First home visit? Read this first!

What is my gut telling me?

When doing a home visit it is important to use all your senses, including your ‘sixth sense’, your intuition. To use your intuition remember the concept of permanence, what can be discussed and changed and what is just absent. Often what you see is not as important as what you hear. For example, a house might be a bomb site but what questions are they asking? Are they talking about a family holiday that they will take the dog on? Asking you about the best vets or tick treatment?

A gut test fail doesn’t mean the applicant is automatically binned (though sometimes it does), it usually means that someone else will be in touch to have a second/ targeted conversation with the applicant as we all respond differently to different people.


The questions below are intended to help guide and challenge your thinking about a visit to understand a feeling of comfort or unease with the applicant.
• Would it make me sad to leave my dog here? Explore: Would the hound be part of activities or left in the yard? Are they focused on what would make the dog happy?
• Do I believe these people will love my hound? Explore: Are they excited about the hound? Have they started making plans about what life will be like, the activities they will do with the new hound? Have they told friends and family about getting a hound?
• Will these people make changes for my hound’s comfort? Explore: Do they ‘tell’ me things rather than listen and ask? Do they talk about ‘dogs’ or ‘greyhounds’ – e.g. as a very simplified example, ‘dogs like to be outside’…rather than ‘do greyhounds like to be outside?’
• Am I happy to go home and write this visit up or do I still have questions or unease? Am I relaxed leaving the house or tense or uneasy?

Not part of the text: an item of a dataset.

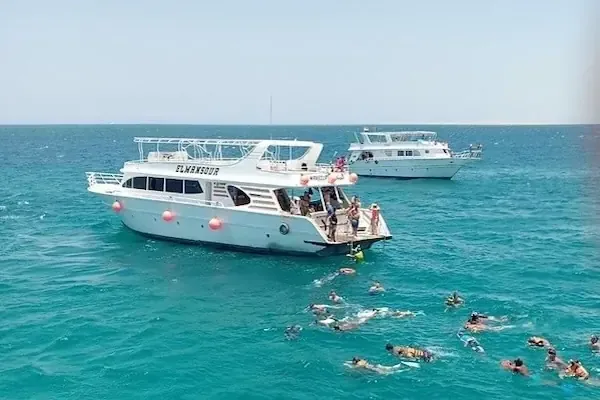 VIP Bootstour in Hurghada — view 5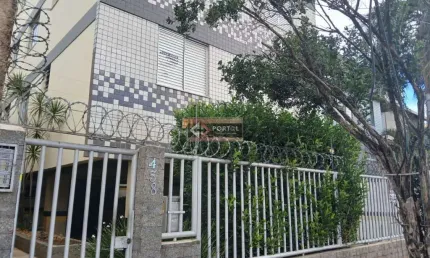 Apartamento com 1 quarto para alugar em Itapoã, Belo Horizonte , 52 m2 por R$ 2.100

For homes with children: Are the children listening to the parents instructions? Is the house one large crèche i.e. the child controls all spaces?

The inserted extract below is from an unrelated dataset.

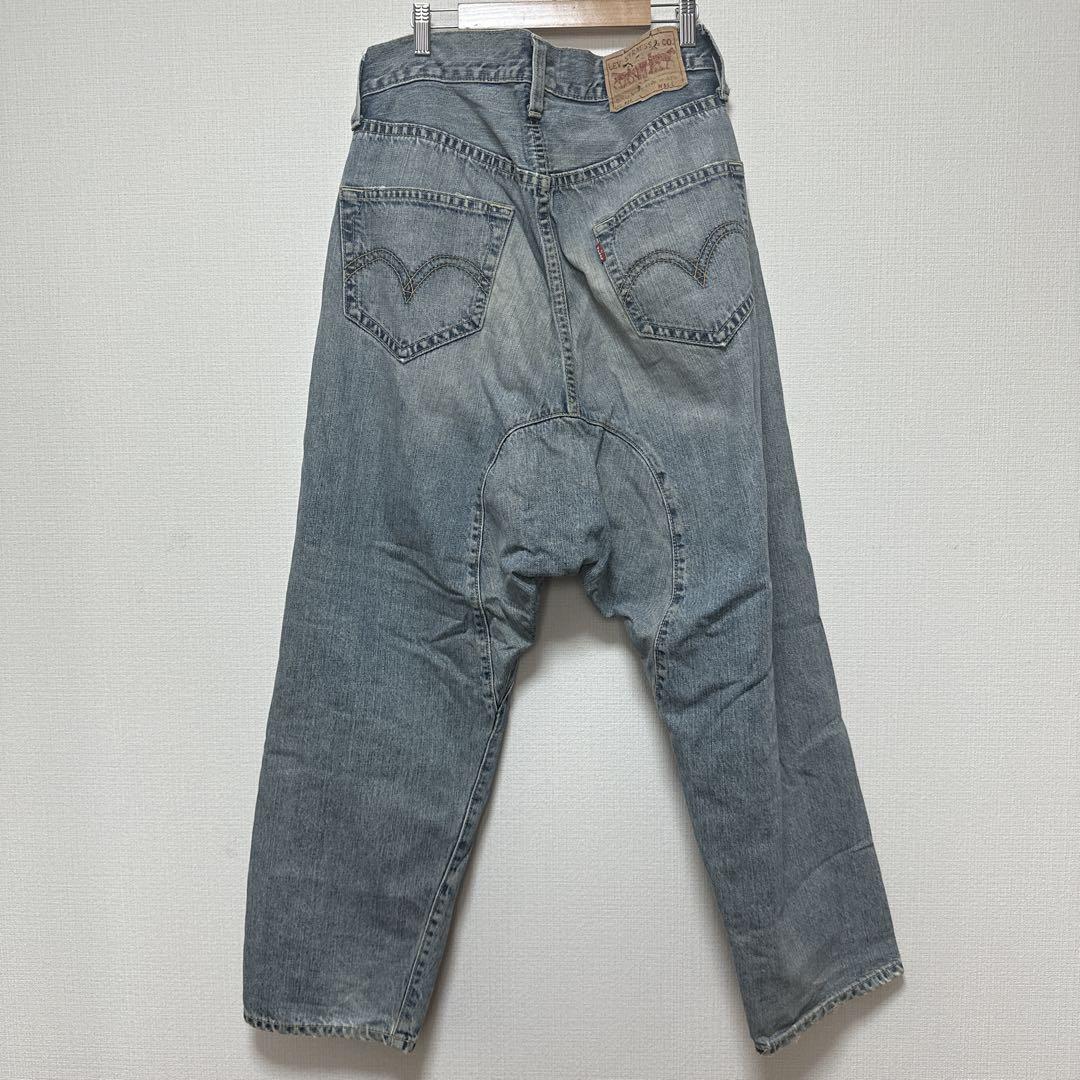 LEVI’S リーバイス 909 サルエル　パンツ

One house checker spoke about using a rating scale of 10, each time she saw, heard or felt something ‘out of place’ a point was deducted, a score of less than 5 failed on the ‘gut test’.


These are also things to note, some most can be resolved with discussion. 
• Absence of a toilet plan – may indicate little thought has been given to the reality of owning a hound.
• Show home – may indicate that a messy dog or toilet accident could be an issue.
• Don’t want an ‘aggressive’ (sub also black, old) dog, may indicate unrealistic expectations and poor knowledge of dog behaviour.
• Protective parent of companion animal, may indicate that dog will not be treated equal – e.g. dog outside and cat inside.